【ラボレポート】KAC S/F Lab. オープンラボvol.4「計画と構想 ―松原俊太郎」(松葉祥一)

2017年12月16日

オープンラボの第5回は、委嘱作家の松原俊太郎さんが、小説家の滝口悠生さんを対話者として迎え、11月に公開された松原さんの戯曲「カオラマ」の第一稿をめぐって、「虚構・記述・創作」をテーマに語りあった。
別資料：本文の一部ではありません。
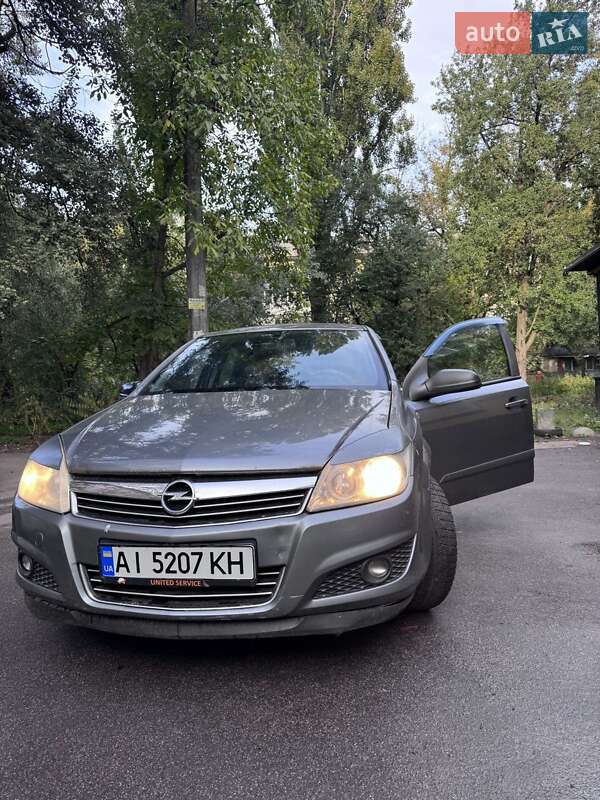 Хэтчбек Opel Astra 2007 в Киеве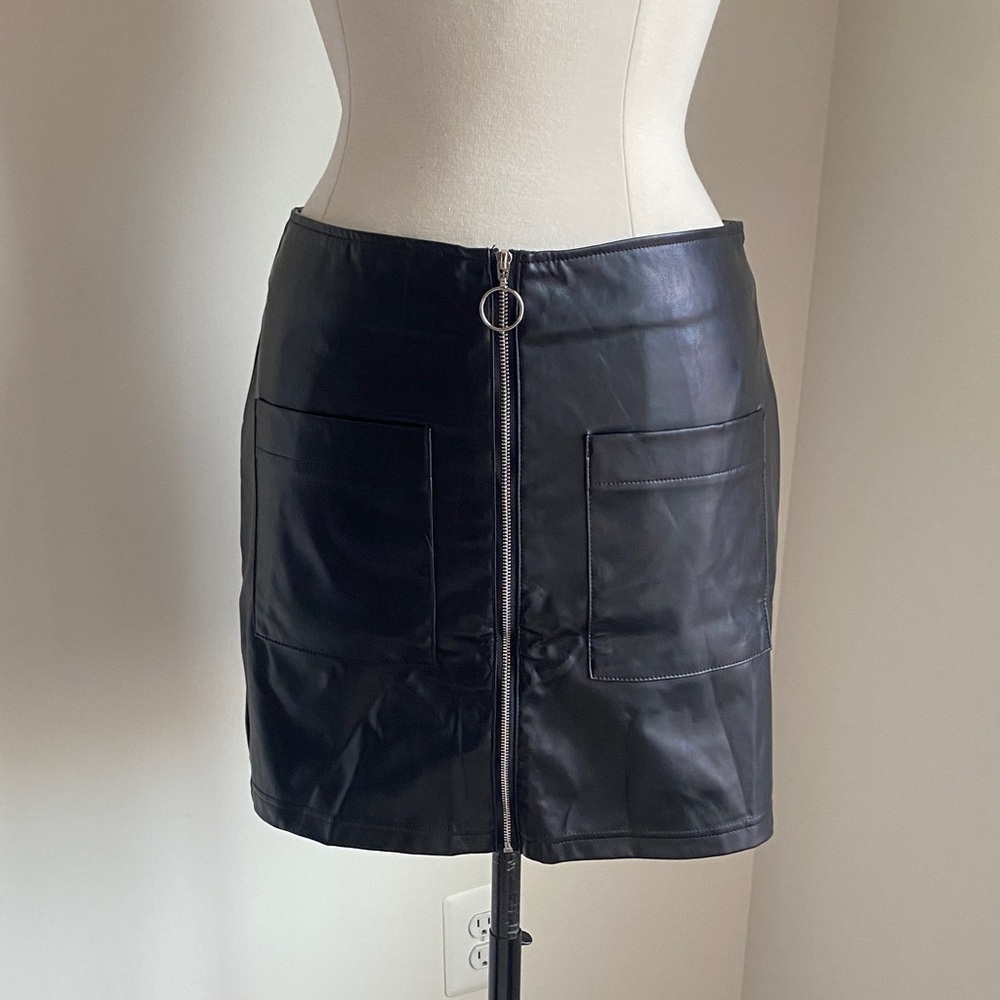 SHEIN Faux Leather Mini Skirt Womens Sz Large Black Vegan Leather Full Zip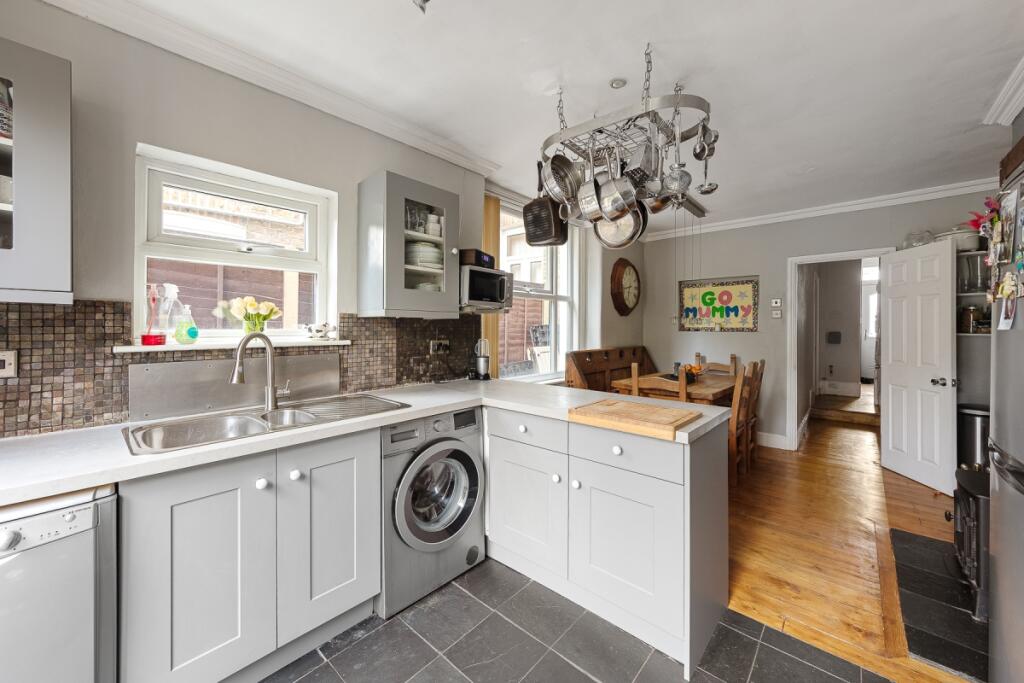 094A9070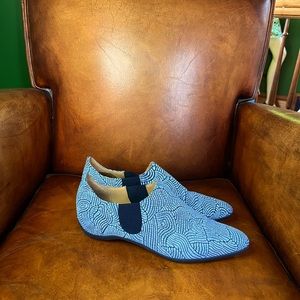 John Fluevogs in navy and white pattern with rubber sole. Pointy size 8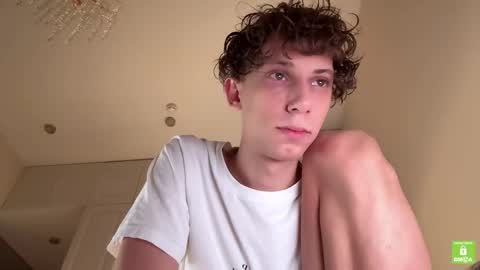 Snapshot of wheremydaydream chatting on 01-12-26, 04:23 Mia Please help me to reach 100 thumps up online show from 01-12-26, 04:23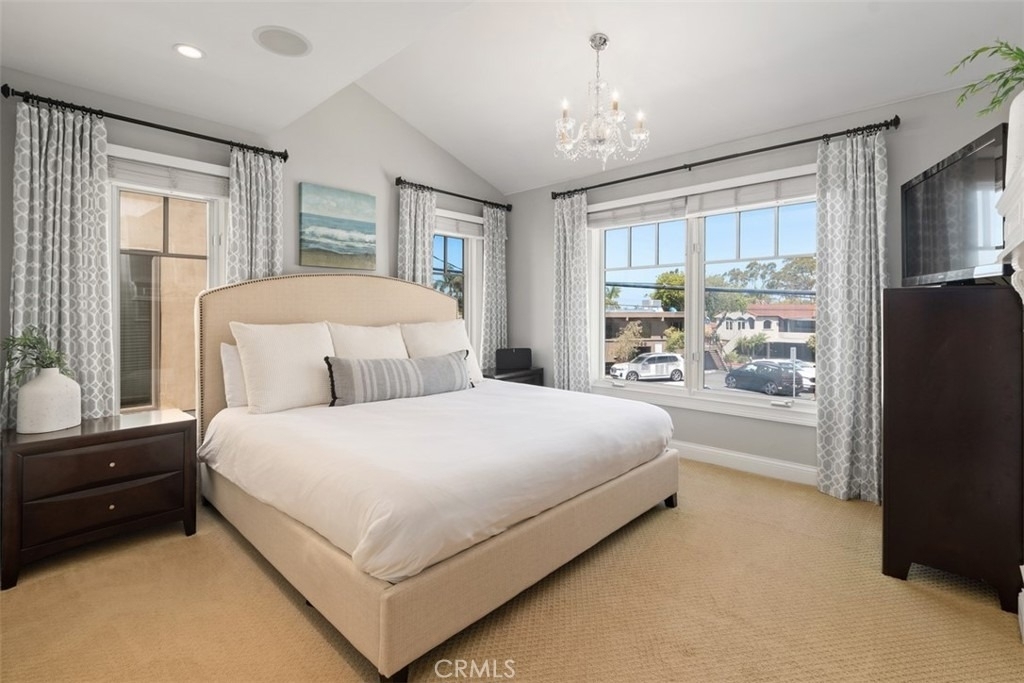 705 1/2 Goldenrod Avenue - Photo 14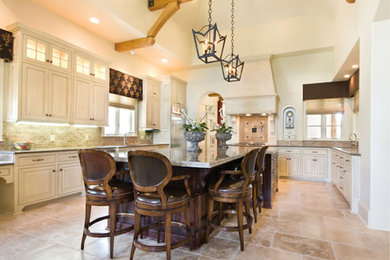 Example of a kitchen design in New Orleans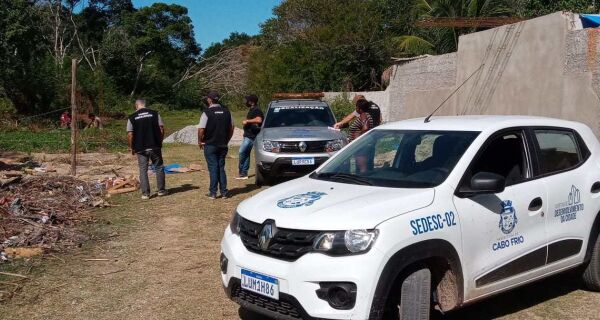 Prefeitura de Cabo Frio flagra construções irregulares em loteamentos no Distrito de Tamoios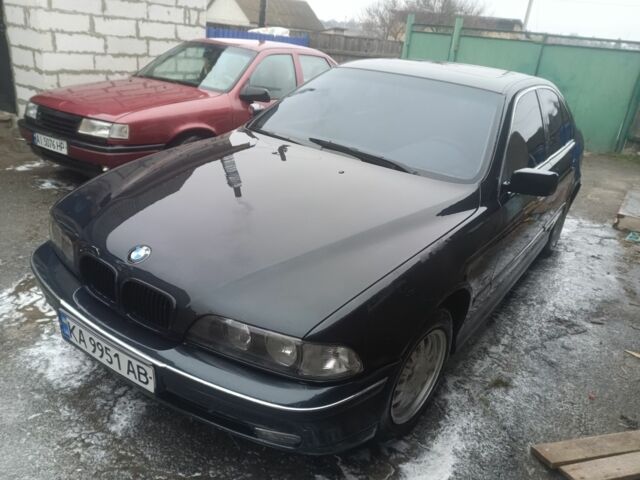 Черный БМВ 5 Серия, объемом двигателя 2 л и пробегом 496 тыс. км за 3200 $, фото 4 на Automoto.ua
まず松原さんから、「上演を前提としない戯曲」を書くという今回の依頼に応えることの難しさが語られた。それはたんに、上演がまだ具体的には決まってない戯曲を書くことなのか、それとも、そもそも上演しないことを前提にした戯曲を書くことなのか。いずれにせよそれは、上演台本を書くのとは違う作業のはずである。ただ、松原さん自身は、これまでも台本というかたちでは書いてこなかったので、今回の戯曲もそれほど書き方に変わりはなかった。しかし、本当にこれでいいのかという問いが最後まで残ったという。これに対して滝口さんから、確かに上演を前提としない戯曲という指示は倒錯しているが、上演を前提としないからこそできることがあるのではないかという指摘があった。例えば、実際にはとても上演できそうもない舞台設定など、上演を前提にしないからこそ可能な戯曲がありうるのではないかというわけである。
その上で、どのように書くかについて話題が移った。滝口さんの場合、最初にプロットがあるわけではなく、「見通し」のようなものがあるだけだという。『ジミヘン』(滝口悠生『ジミ・ヘンドリクス・エクスペリエンス』、新潮社、2015年)の場合は、イメージが先にあった。これが「見通し」になる。「見通し」と方法つまり語り方が結びついたとき、語り手が勝手に語り始める。滝口さんは、演劇の場合、語り手はどうなるのかと松原さんに投げかけた。例えばト書きは誰が語るのか。『カオラマ』のト書きは、登場人物例えば医者が見た世界を語っているのか、作者が語っているのか。これに対して、松原さんは、とくに語り手について意識をすることはないと応えた。ト書きの場合も、誰が誰に語りかけているのか不明確である。もちろん戯曲の場合、最終的に、観客に語りかけるのだが、語り手や語り方は一つではない。ただ言えるのは、書き手と語り手の距離が必要だということ。また語り手はつねに一人であり、モノローグであるということ。その点で小説とは異なる。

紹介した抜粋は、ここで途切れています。